** Given data follows **

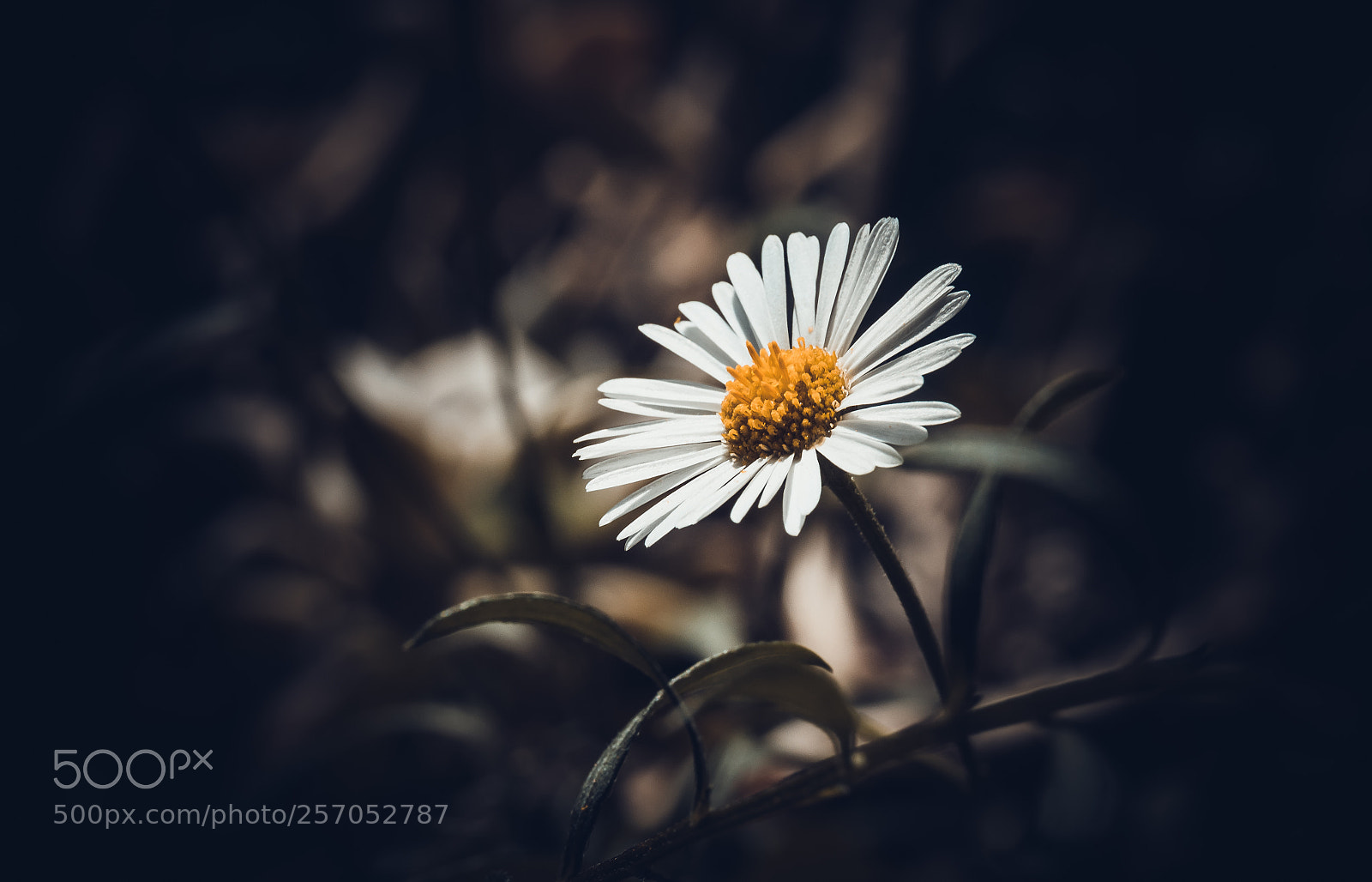Canon EOS 760D (EOS Rebel T6s / EOS 8000D) sample photo. Fantasia photography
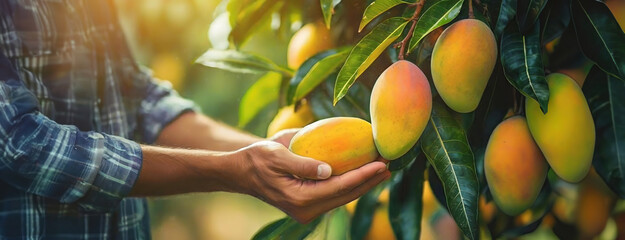 Orchard Worker Selects the Perfect Mango. Hands carefully pick fruit. Agriculture expert examines...
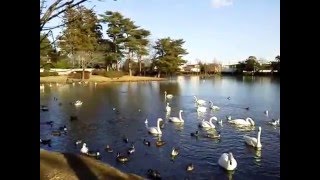 ユリカモメが横取りオオハチョウ手渡し　20151229　大塚池公園のハクチョウ白鳥スワンSWANS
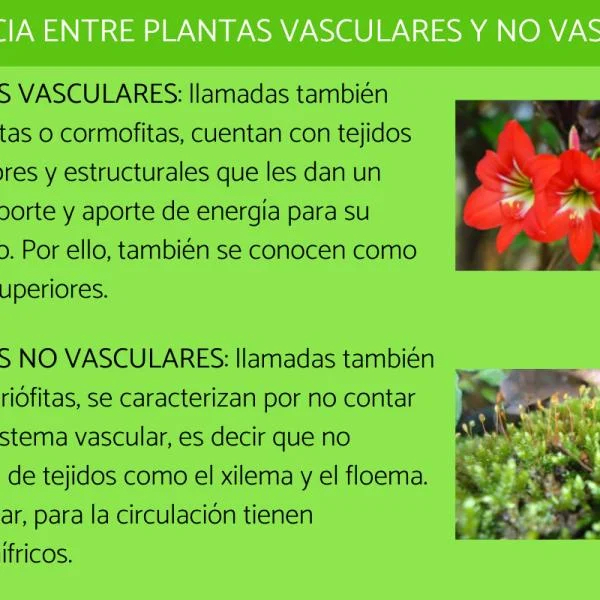 Diferencia entre plantas vasculares y no vasculares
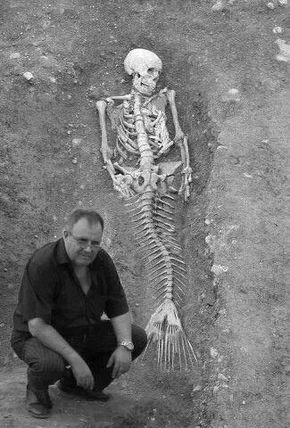 Do Mermaids Exist, Real Life Mermaid Found, Mermaids Exist, Mermaid Sightings, Mermaid Found, Real Life Mermaids, Art Vampire, Mermaid Sign, Mermaid Skeleton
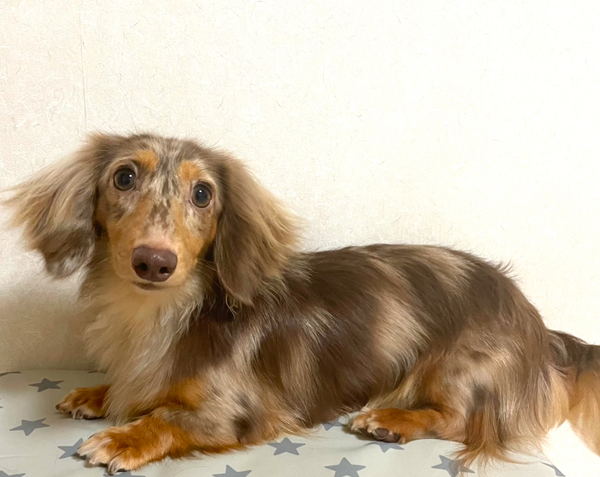 �� ����܂� �J�j���w���_�b�N�X ���Ɍ� 35595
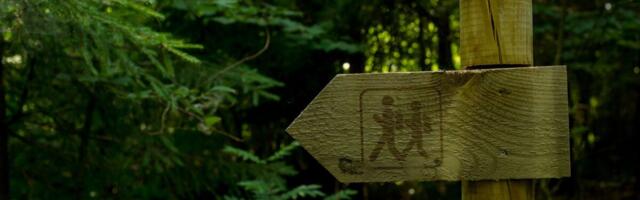 Riik sõnastas ootused RMK-le: raietegevus ja puiduressursi juurdekasv vajavad rohkem läbipaistvust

** End of Given data **

- **Work item**: Write out nothing but the lines from the one with "Orchard Worker Selects" through the last line of the entries, exactly as they stand; pictures are not part of the copy.

- **Answer to this task**:
 Orchard Worker Selects the Perfect Mango. Hands carefully pick fruit. Agriculture expert examines...
 ユリカモメが横取りオオハチョウ手渡し　20151229　大塚池公園のハクチョウ白鳥スワンSWANS
 Diferencia entre plantas vasculares y no vasculares
 Do Mermaids Exist, Real Life Mermaid Found, Mermaids Exist, Mermaid Sightings, Mermaid Found, Real Life Mermaids, Art Vampire, Mermaid Sign, Mermaid Skeleton
 �� ����܂� �J�j���w���_�b�N�X ���Ɍ� 35595
 Riik sõnastas ootused RMK-le: raietegevus ja puiduressursi juurdekasv vajavad rohkem läbipaistvust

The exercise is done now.